*** Input for this task ***

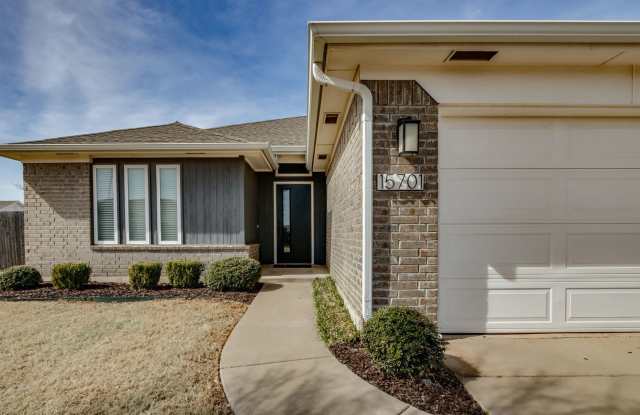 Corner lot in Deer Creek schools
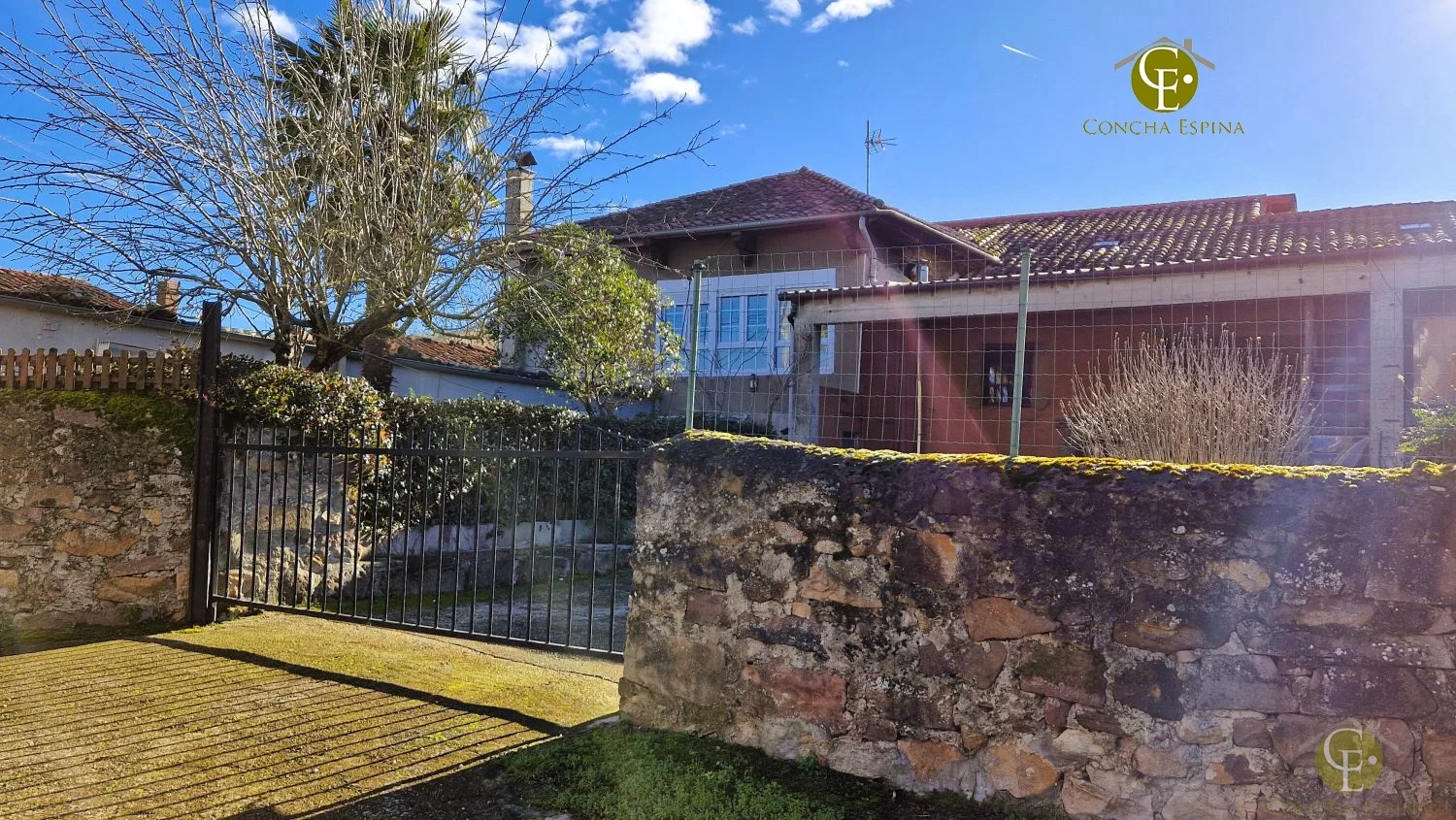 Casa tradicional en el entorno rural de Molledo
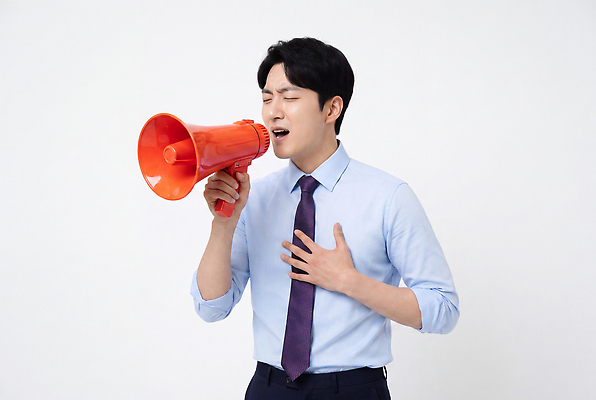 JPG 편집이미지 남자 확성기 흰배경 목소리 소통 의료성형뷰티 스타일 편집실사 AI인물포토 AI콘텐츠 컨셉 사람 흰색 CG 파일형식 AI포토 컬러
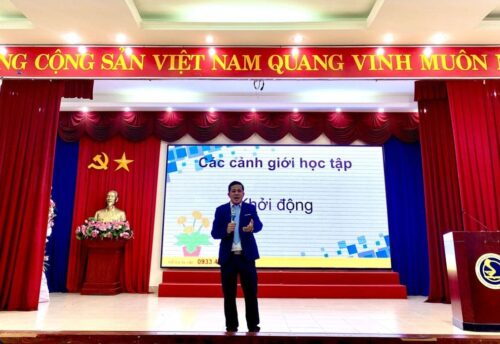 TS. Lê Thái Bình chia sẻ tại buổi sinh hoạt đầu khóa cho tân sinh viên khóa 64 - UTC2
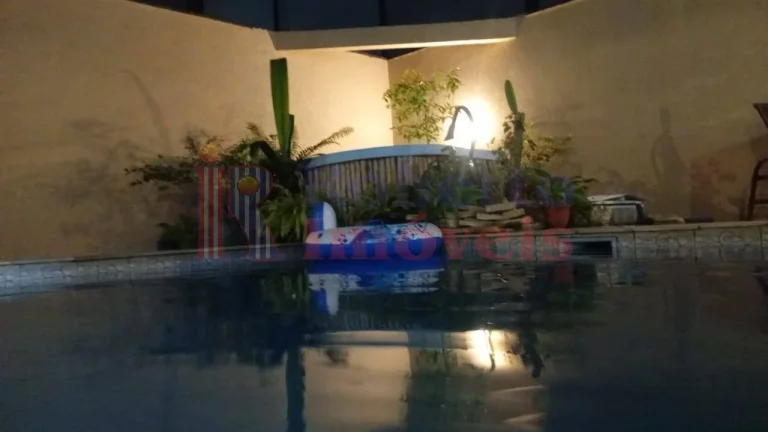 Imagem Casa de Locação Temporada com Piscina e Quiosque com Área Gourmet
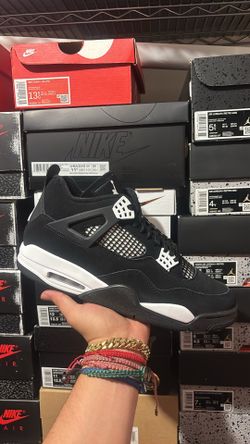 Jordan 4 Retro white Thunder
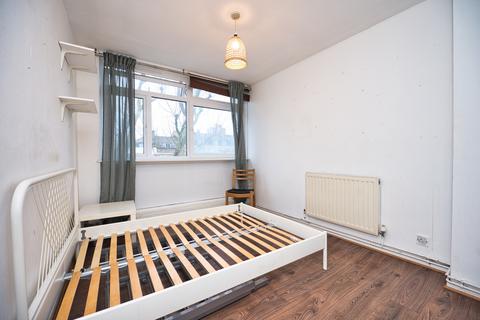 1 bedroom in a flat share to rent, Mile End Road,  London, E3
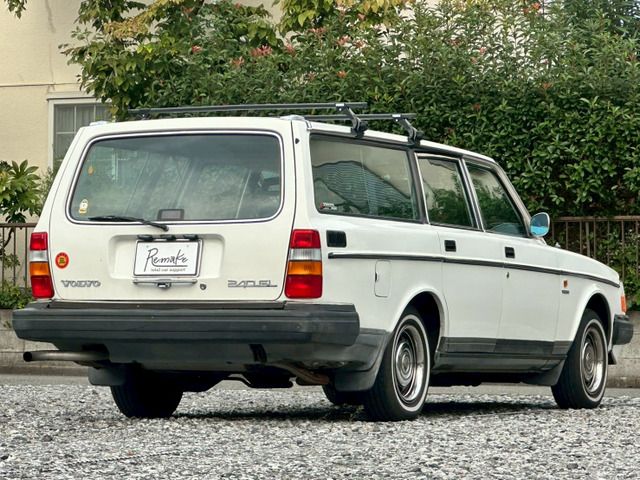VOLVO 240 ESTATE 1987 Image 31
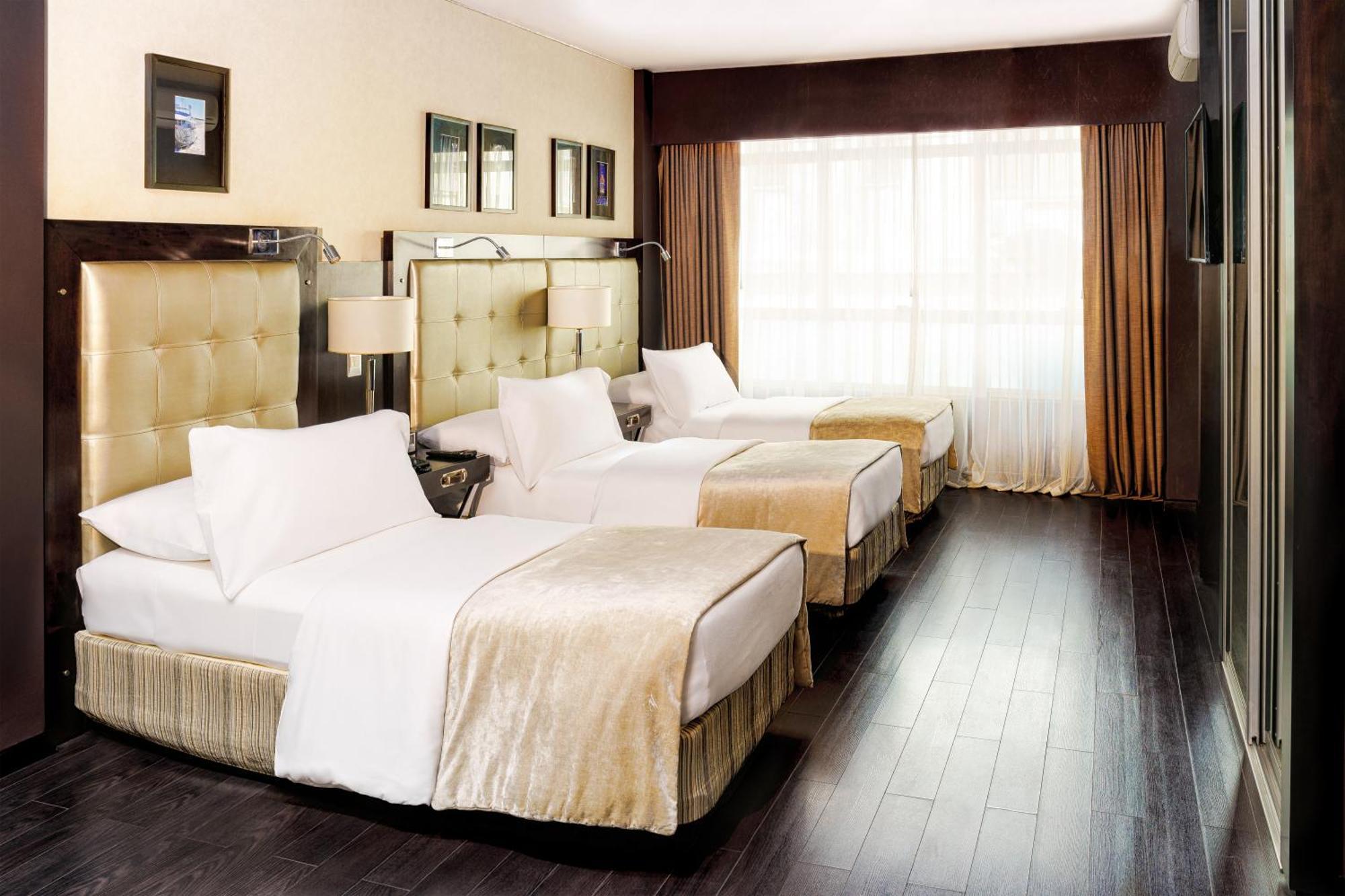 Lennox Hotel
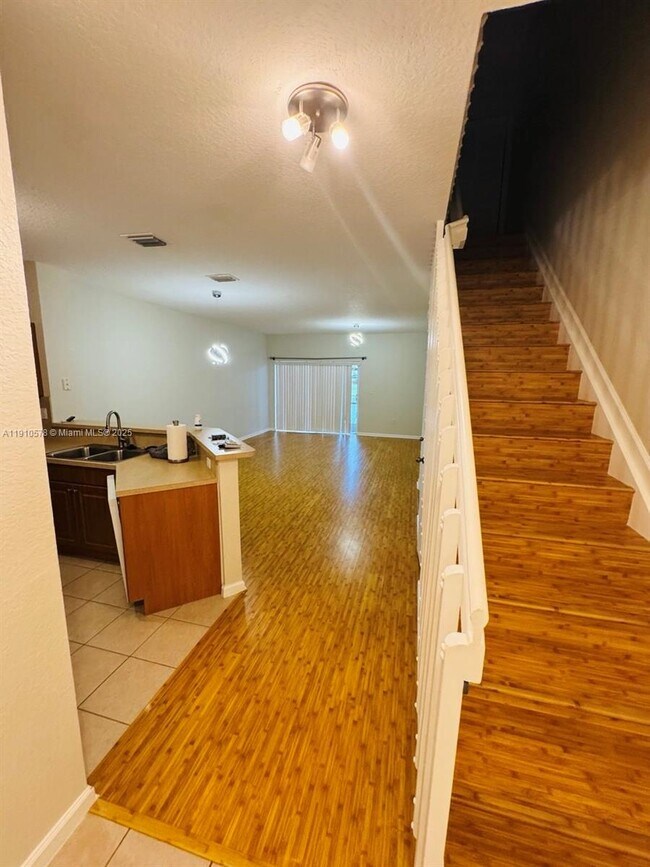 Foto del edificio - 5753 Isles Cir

*** End of Input for this task ***

→ **Aim of the exercise**
Restate every line above exactly, omitting images.

→ **Answer area**
 Corner lot in Deer Creek schools
 Casa tradicional en el entorno rural de Molledo
 JPG 편집이미지 남자 확성기 흰배경 목소리 소통 의료성형뷰티 스타일 편집실사 AI인물포토 AI콘텐츠 컨셉 사람 흰색 CG 파일형식 AI포토 컬러
 TS. Lê Thái Bình chia sẻ tại buổi sinh hoạt đầu khóa cho tân sinh viên khóa 64 - UTC2
 Imagem Casa de Locação Temporada com Piscina e Quiosque com Área Gourmet
 Jordan 4 Retro white Thunder
 1 bedroom in a flat share to rent, Mile End Road,  London, E3
VOLVO 240 ESTATE 1987 Image 31
 Lennox Hotel
 Foto del edificio - 5753 Isles Cir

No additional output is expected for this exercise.